Review: The Hidden Serpent

Finding Horror in Unlikely Places

I've been holding off on reviewing The Hidden Serpent because it was planted in the sandbox, and until the recent ghoul apocalypse, there was a chance the players would swing by that way; I prefer to wait and do a play-test review where possible.

The Hidden Serpent was produced by Faster Monkey Games, levels 2-4 (the author is Jeff Sparks - "Bighara" over on Dragonsfoot.org - he's been a regular on the D&D board a long time). You can get the PDF for $6 over at RPGnow, less than going out to lunch. The module is a site-based adventure that involves exploring the dungeon fortress QUAZKYTON, home of Rogar and Zeglin.  If all those names seem familiar, it's because they're allusions to B1, In Search of the Unknown.

The module is 20 pages, excluding maps, and the physical dungeon is 2 levels, though each level isn't as large as its inspiration, Quasqueton from B1.  In B1, Quasqueton is an abandoned stronghold where some monsters have created lairs; in The Hidden Serpent, QUAZKYTON is an active stronghold with a garrison of soldiers and humanoids.  The high level leaders are out on missions, and this creates a window for the low-level characters to invade the stronghold and sack it.
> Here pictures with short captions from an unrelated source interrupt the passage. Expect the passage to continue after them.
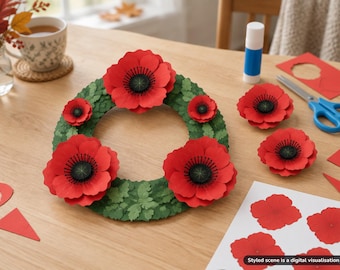 Könnte beinhalten: Ein runder Kranz aus geschichteten grünen Papierblättern, verziert mit mehreren großen, leuchtend roten Mohnblumen aus Papier mit dunklen Mitten. Zusätzliche lose Mohnblumen aus Papier und ein Bogen mit Mohnblumen-Ausschnitten liegen daneben.
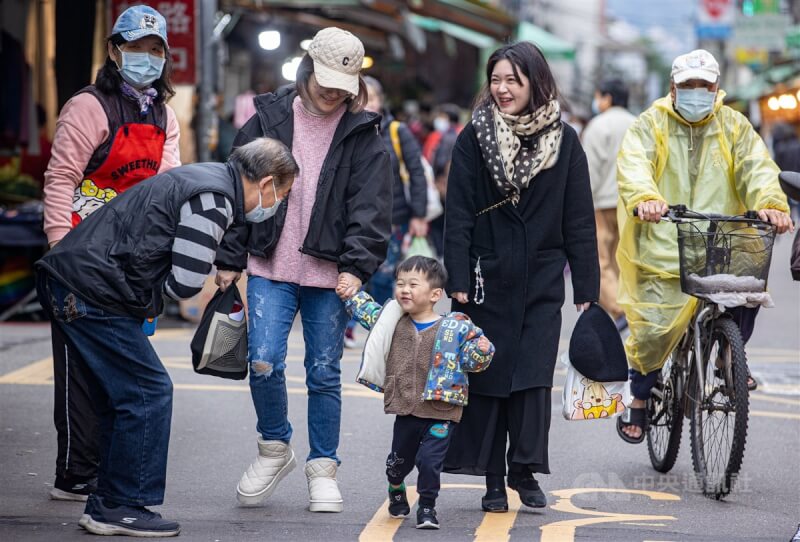 圖為民眾帶小朋友到台北市木新市場，穿上保暖衣物禦寒。（中央社檔案照片）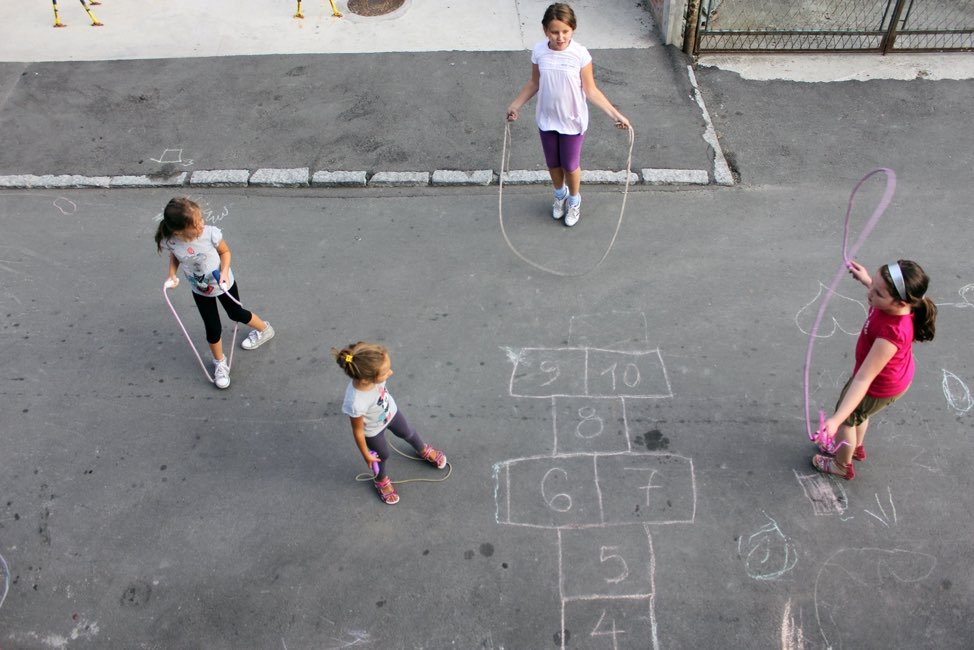 Four girls outside skipping rope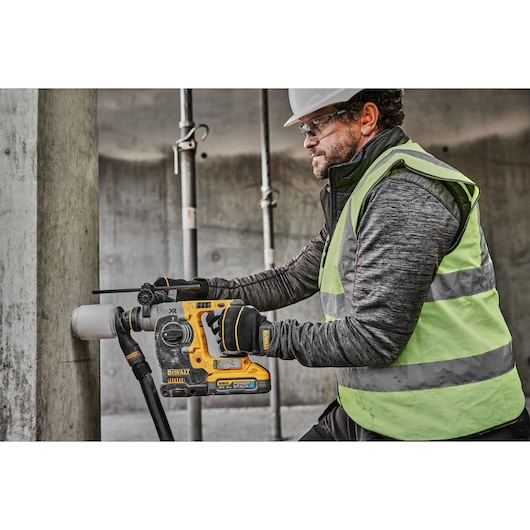 A person wearing a safety vest and gloves is using a DEWALT DCH273H2T cordless rotary hammer drill to drill into a concrete pillar at a construction site. The user's face is blurred for privacy.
Here's the good stuff.  First, it's a site-based adventure, low on plot hooks, and very easy to plant in a sandbox campaign.  I can't seem to get enough of these style adventures.  It has a fair amount of old-school whimsy and charm, with cauldrons, potions, and crystals that all create random effects.  The layout and maps are all nice.

I have some issues as well (but read on, since issues are usually opportunities in disguise).  Because it's presented as an active stronghold, and the two high-level bosses are "imminent to return", it doesn't create an atmosphere where the players can methodically explore, retreat when necessary, and return.  And there are only limited ways, as written, to actually learn the high-level bosses are on the way back.  Ostensibly this is just a plot-device to keep the pressure on the party.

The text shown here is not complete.